> _Exercise objective_
The required output is the exact text of the lines from the line containing "Kentucky Style Horse" through the final line below, inclusive, without pictures.

[Data excerpts]
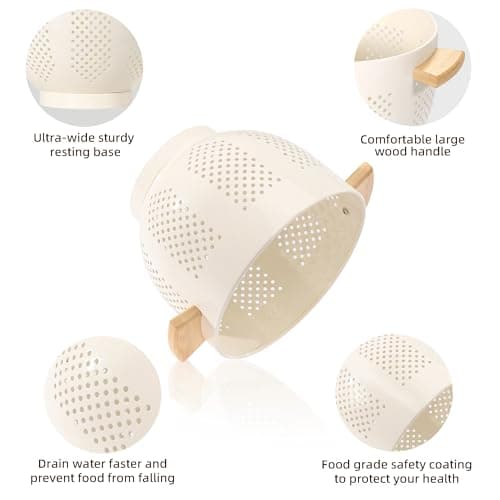 Metal Colander with Wood Handle and Stable Base, 5.5 Quart Powder Coated Steel Kitchen Strainer Basket for Draining Pasta, Vegetable and fruit,Cream 5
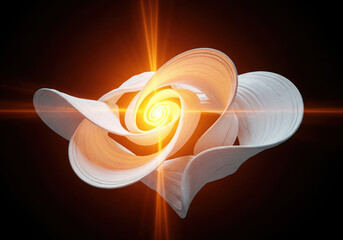Abstract Organic Glowing Shape with Wavy Layers and Bright Core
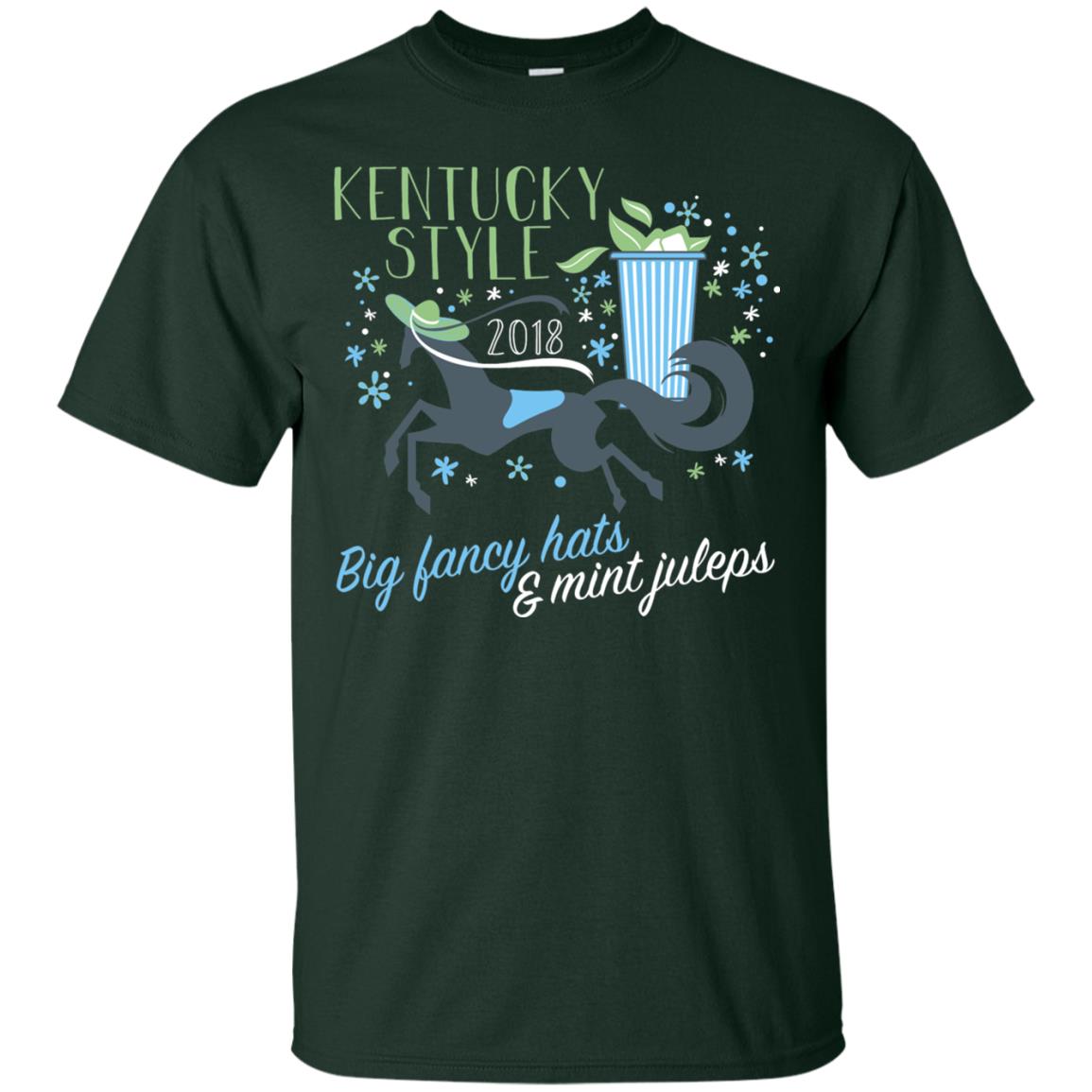 Kentucky Style Horse Big Funny Hats And Mint Juleps 2018 Shirt Forest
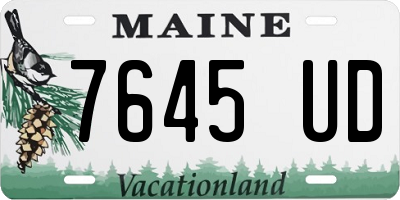 ME license plate 7645UD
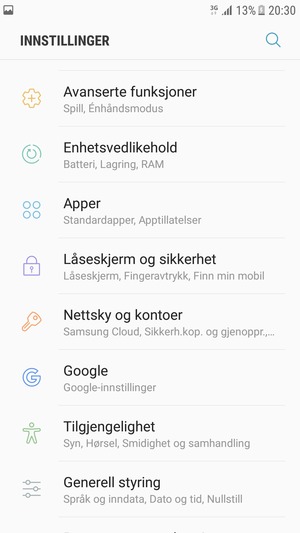 Bla til og velg Låseskjerm og sikkerhet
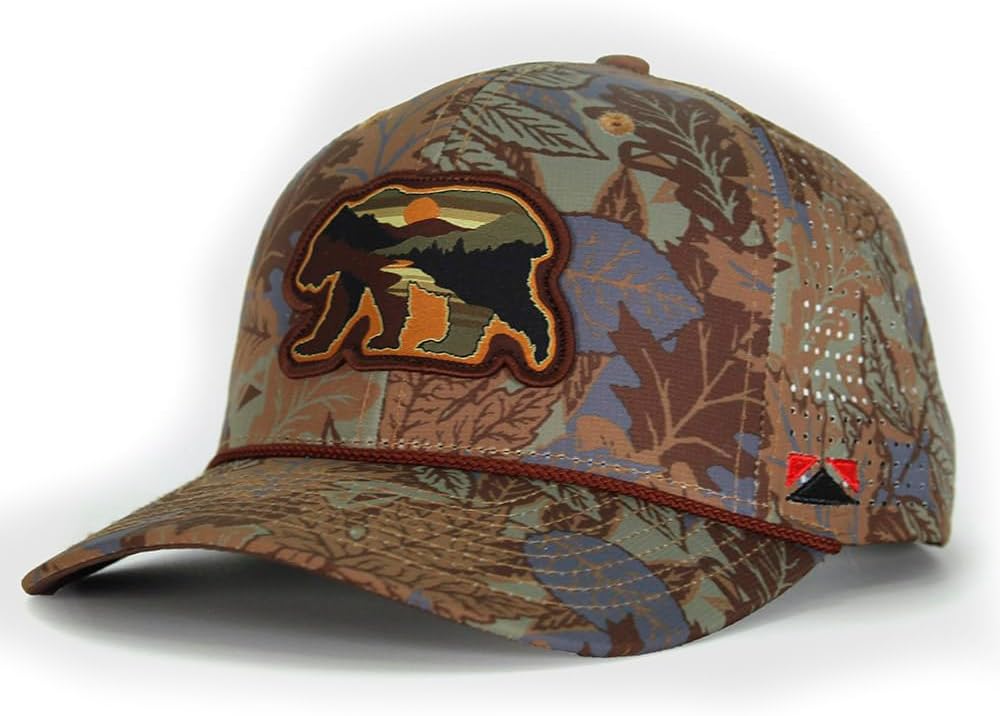 Paramount Outdoors Sunset Bear Old School 6-Panel Perforated Vintage Camo Rope Cap with Comfort Snapback (Forest - OSFA) - Image 2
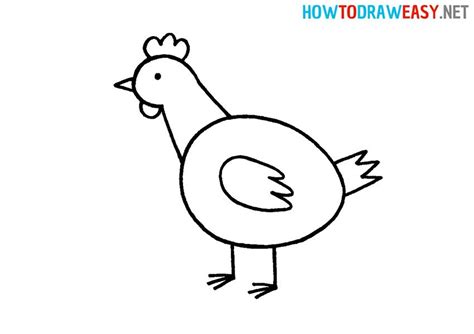 How to Draw a Chicken for Kids Easy | Super easy drawings, Drawings ...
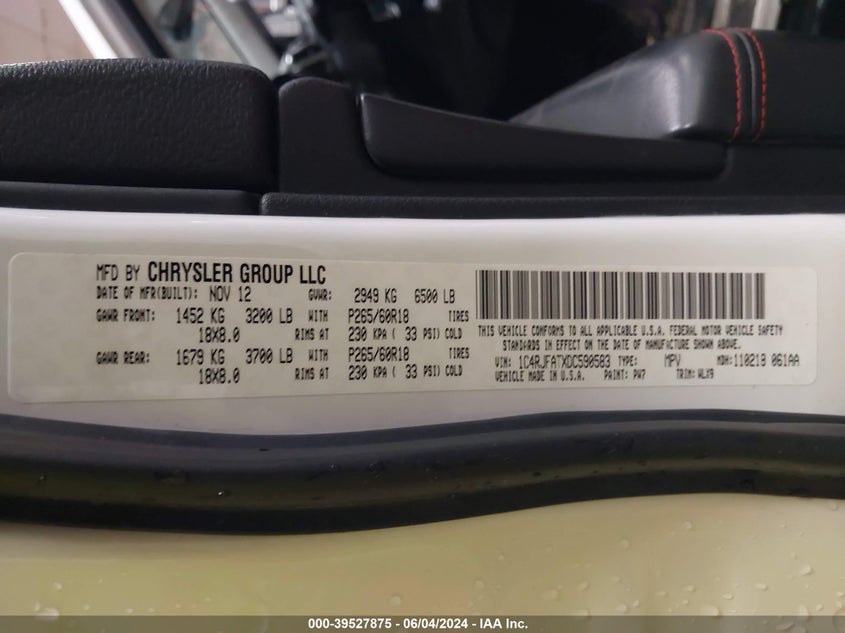 2013 Jeep Grand Cherokee Laredo Trailhawk VIN: 1C4RJFATXDC590583 Lot: 39527875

> _Solution_
 Kentucky Style Horse Big Funny Hats And Mint Juleps 2018 Shirt Forest
 ME license plate 7645UD
 Bla til og velg Låseskjerm og sikkerhet
 Paramount Outdoors Sunset Bear Old School 6-Panel Perforated Vintage Camo Rope Cap with Comfort Snapback (Forest - OSFA) - Image 2
 How to Draw a Chicken for Kids Easy | Super easy drawings, Drawings ...
 2013 Jeep Grand Cherokee Laredo Trailhawk VIN: 1C4RJFATXDC590583 Lot: 39527875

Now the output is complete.